1960s

Rachel Carson

1960 – CBS airs Harvest of Shame, a show from Edward R. Murrow that described the working conditions of migrant laborers.

November 1960 – Sylvia Porter appears on the cover of Time magazine. She is the only business journalist ever to appear on the cover of a major U.S. magazine.

1962 – Rachel Carson publishes Silent Spring, which exposes the chemical industry for pesticides that harm animals.

May 1963 – Fortune launches Japanese edition called President. It was aimed at an elite audience of approximately 15,000 top executives.

September 1963 – Fortune has its first cover to feature a person -- GM's Alfred P. Sloan.

1963 – Jessica Mitford publishes The American Way of Death, which criticizes the funeral industry.

1964 – Society of American Business Editors and Writers is founded.


Jessica Mitford

1965 – Ralph Nader publishes “Unsafe at any Speed.” The book criticizes the auto industry for failing to make cars safer to drive.

1965 – Joseph Livingston wins Pulitzer Prize for reporting on Eastern European economies.

1966 – Washington Post hires Hobart Rowen from Newsweek to improve its business and economics coverage.

1967 – Dow Jones leader Barney Kilgore dies.

1967 – Institutional Investor is founded.
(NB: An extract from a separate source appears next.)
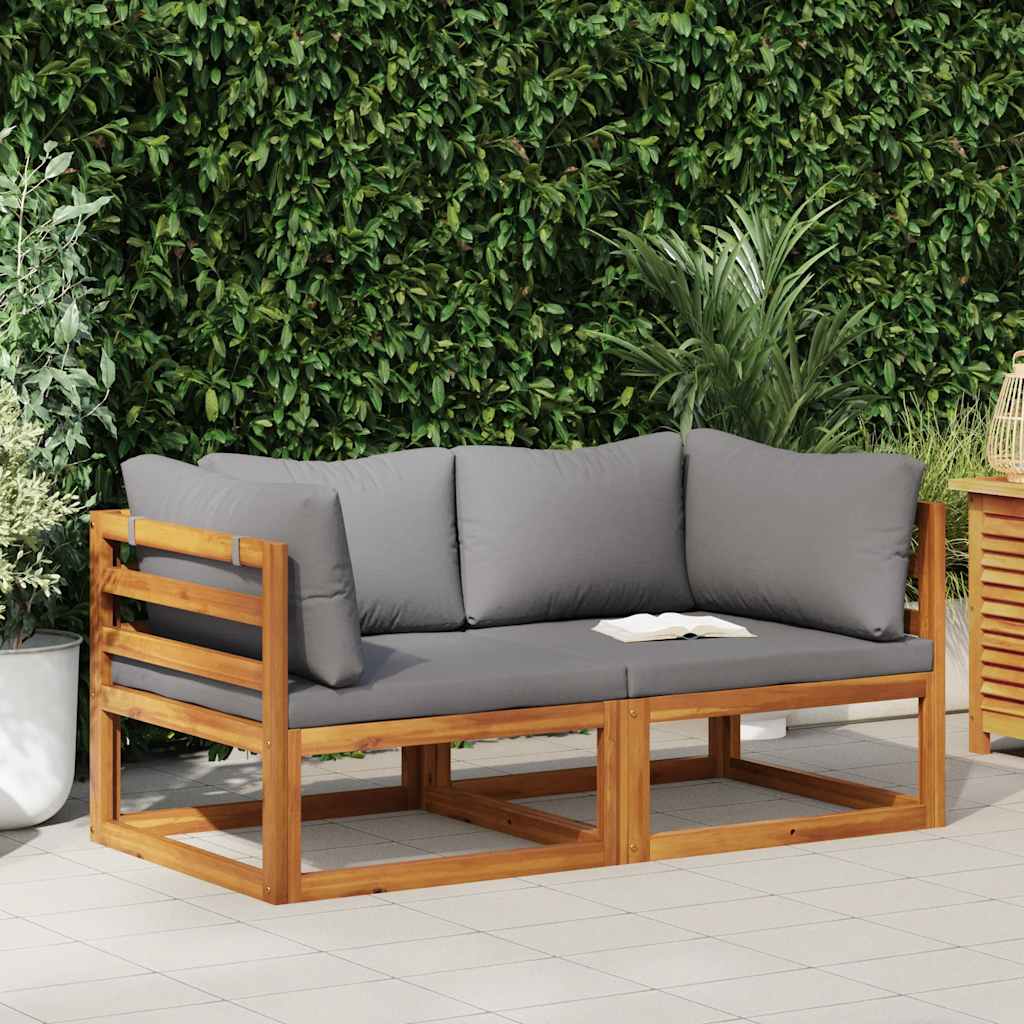 3-Tlg. Garten-Lounge-Set Mit Kissen Massivholz Akazie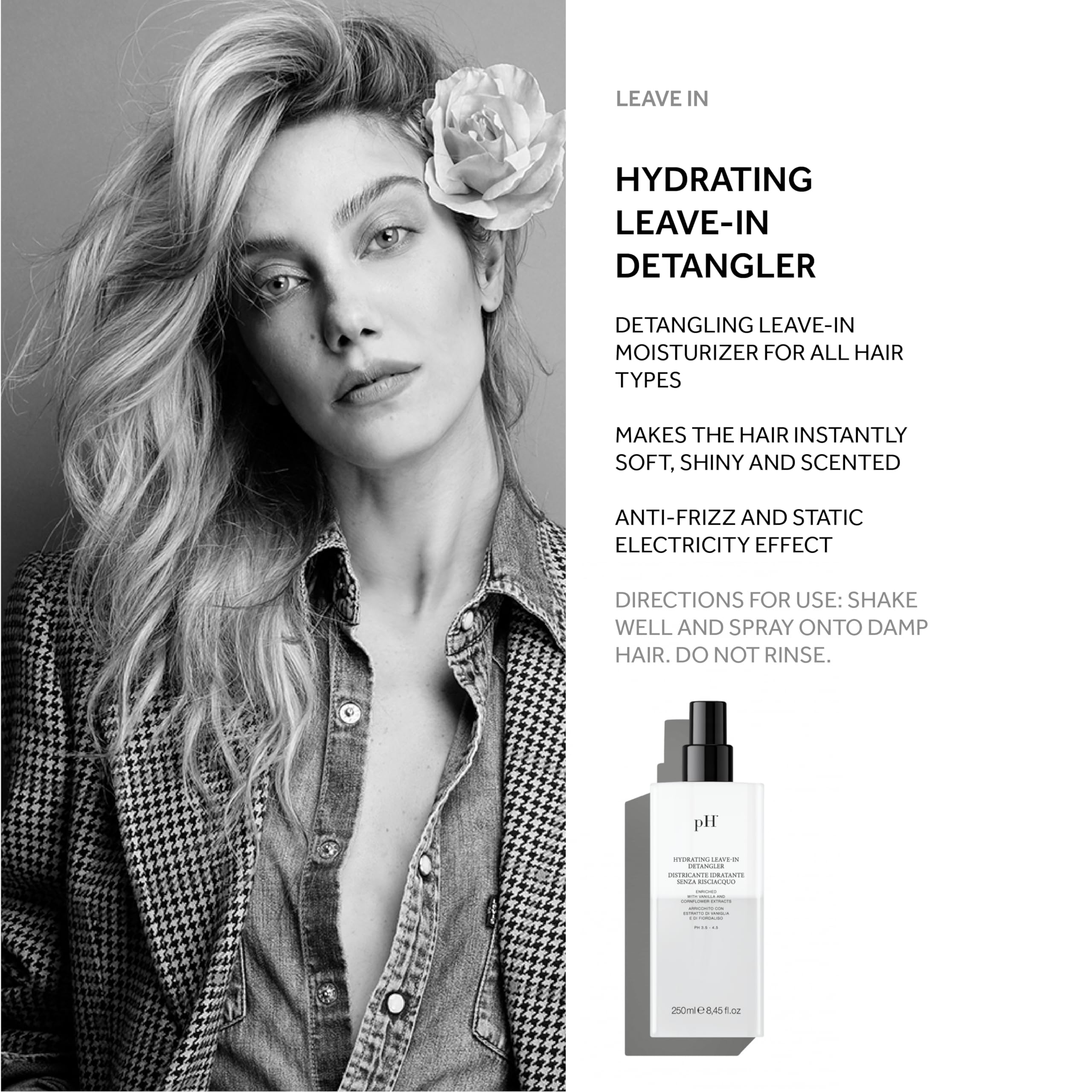 pH PURE HAIR Hydrating Leave-In Detangler Spray - Anti-Frizz, Moisturizing & Smoothing Spray for All Hair Types, Adds Shine & Softness, Easy Detangling & Styling, 8.45 Oz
It was early to recognize that investment capital was increasingly concentrated in the hands of big institutions like bank trust departments, pension funds and insurance companies rather than in the hands of individuals, and that this development would trigger massive changes in the nature of capital markets.

1967 – Fortune establishes its first overseas office in Brussels.

1968 – Carol Loomis becomes the first female writer to be elected to the Fortune board of directors.


Fortune July 1963

1968 – Reuters expands its business news service into United States.

September 1968 – CBS begins running 60 Minutes. The news magazine show will be an aggressive reporter of corporate wrongdoing.

1969 – BusinessWeek adds a regular section to the magazine called Information Processing.